§ Data shown:
━━━━━━━━━━

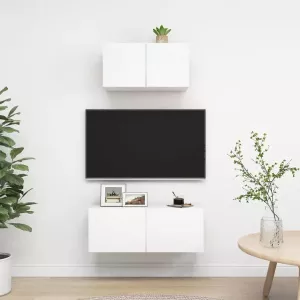 VidaXL 2-delige Tv-meubelset spaanplaat wit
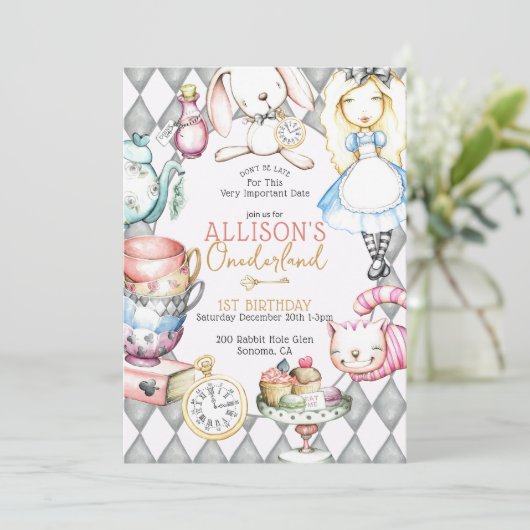 Onederland eerste verjaardag thee party uitnodigin kaart (Staand voorkant)
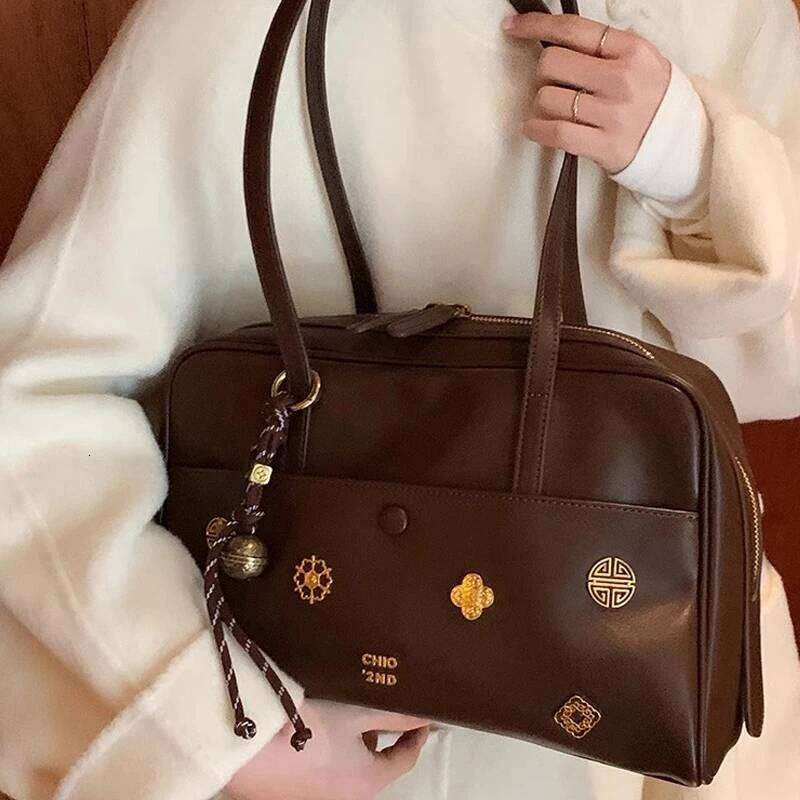 Designer PU Leather Women's Shoulder Bag Retro Metal Flower Purses And Pillow Boston Bowling Handbag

━━━━━━━━━━

§ Prompt: Leave the images out as you retype each line of the material exactly.

§ Output for this task:
 VidaXL 2-delige Tv-meubelset spaanplaat wit
 Onederland eerste verjaardag thee party uitnodigin kaart (Staand voorkant)
 Designer PU Leather Women's Shoulder Bag Retro Metal Flower Purses And Pillow Boston Bowling Handbag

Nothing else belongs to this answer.